Life for automotive manufacturers, especially in the powertrain department, is increasingly complicated. Given the rush toward pure EVs by most global OEMs and the recent statement by the UK government that it will outlaw vehicle powertrains that run solely on fossil fuels by 2040, it’s easy to see why many powertrain engineers see themselves at a technology crossroads. And, while political aspirations in the UK and other western economies are anticipating an EV-only future, pragmatic engineers need to balance political desires with the laws of physics.
Whatever the details of the 2040 ultimatum, it’s highly likely that some form of engine hybridization will be central to powertrain development for the next few decades at the very least. Moreover, the recently introduced RDE test puts OEMs under even more pressure to deliver clean, efficient engines. Given the dynamic and variable nature of the legislative requirements facing vehicle manufacturers, Mahle Powertrain is taking a much more consultative approach to the engine development process.

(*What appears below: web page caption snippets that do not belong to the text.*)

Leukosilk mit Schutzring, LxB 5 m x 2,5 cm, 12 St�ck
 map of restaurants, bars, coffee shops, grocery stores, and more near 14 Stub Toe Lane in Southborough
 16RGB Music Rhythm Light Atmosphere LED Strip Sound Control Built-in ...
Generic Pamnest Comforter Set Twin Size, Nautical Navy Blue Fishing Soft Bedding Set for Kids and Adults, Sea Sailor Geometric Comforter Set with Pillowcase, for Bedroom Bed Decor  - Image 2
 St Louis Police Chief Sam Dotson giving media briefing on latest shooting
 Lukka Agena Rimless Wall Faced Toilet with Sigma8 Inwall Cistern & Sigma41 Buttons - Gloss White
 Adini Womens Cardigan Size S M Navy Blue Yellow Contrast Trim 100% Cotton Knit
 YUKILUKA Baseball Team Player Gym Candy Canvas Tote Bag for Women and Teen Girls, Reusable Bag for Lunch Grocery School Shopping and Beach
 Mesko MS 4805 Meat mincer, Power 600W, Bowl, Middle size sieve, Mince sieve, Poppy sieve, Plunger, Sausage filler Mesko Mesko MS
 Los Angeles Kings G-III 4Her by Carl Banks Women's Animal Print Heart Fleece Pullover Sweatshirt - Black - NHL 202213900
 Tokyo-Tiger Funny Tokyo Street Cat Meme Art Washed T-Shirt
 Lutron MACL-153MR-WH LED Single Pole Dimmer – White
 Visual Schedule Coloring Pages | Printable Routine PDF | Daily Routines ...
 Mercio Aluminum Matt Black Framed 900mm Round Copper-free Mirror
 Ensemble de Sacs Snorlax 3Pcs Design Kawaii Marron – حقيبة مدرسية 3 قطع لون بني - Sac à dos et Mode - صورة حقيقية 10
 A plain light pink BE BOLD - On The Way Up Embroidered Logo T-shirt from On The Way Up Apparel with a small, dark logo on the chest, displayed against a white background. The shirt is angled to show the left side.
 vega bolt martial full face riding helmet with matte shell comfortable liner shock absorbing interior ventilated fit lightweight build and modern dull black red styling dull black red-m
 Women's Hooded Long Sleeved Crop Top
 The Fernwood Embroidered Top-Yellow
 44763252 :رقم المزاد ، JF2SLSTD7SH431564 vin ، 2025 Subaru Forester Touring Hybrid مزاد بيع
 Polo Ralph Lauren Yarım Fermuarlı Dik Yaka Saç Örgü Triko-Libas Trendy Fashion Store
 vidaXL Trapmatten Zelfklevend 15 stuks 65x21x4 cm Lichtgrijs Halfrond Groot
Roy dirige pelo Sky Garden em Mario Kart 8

In 2007 the research team at Northampton began development of a heavily downsized, 1.2-liter, 3-cylinder, gasoline engine that achieved, at that time, ground-breaking levels of specific torque (BMEP). Referred to as the DI-3 engine, this unit replaced the original V6 engine in a standard VW Passat.
“With the new RDE test procedures now in force, getting the most efficient performance possible out of downsized engines over a wide operating range is the key challenge over the coming years, as OEMs seek to meet forthcoming vehicle CO2 targets,” said Mike Bassett, chief engineer at Mahle. “48V mild-hybridization is set to be a key technology that is widely adopted to help achieve these targets.”
Not content with regular downsizing, Mahle Powertrain has also been exploring the potential benefits of running downsized engines on alternative fuels such as CNG. Showing how the ongoing development of the combustion engine continues to be worthwhile, Mahle’s CNG optimized engine design has produced a 31% reduction in CO2 emissions, compared with the original VW gasoline engine.
Mahle’s eSupercharged, downsized, 48V demonstrator vehicle is a prime example of the mild-hybrid engine in action. However, hybridization should not be restricted to immediate support of the combustion engine, with boosting, start-stop functionality or hybridization, for instance. Mahle’s experience points to a far more integral role that should entail advanced measures in the vehicle, such as thermal management or the electrification of engine accessories.
“We’ve shown that even relatively small steps in electrification can achieve a sustainable effect in the combustion engine powertrain with a conventional 12V electrical system,” added Bassett. “For example, electric actuators enable faster and more precise control of the combustion engine. Simply by replacing the pneumatic wastegate actuator with an electric variant, CO2 savings of 2% can be achieved. Rounded out by additional ‘light’ electrification steps, such as electric thermostats, EGR valves, power steering motors and stop-start functionality, CO2 savings of up to 8% in total are possible.
Given the fast-moving nature of the various emissions regulations across different territories, the choices facing powertrain engineers for future models is complex. While the powertrain technologies available such as EVs, CNG, hydrogen fuel cells and mild/full hybrids is almost endless, one thing is certain: the internal combustion engine will continue to play a central role in vehicle propulsion for decades to come.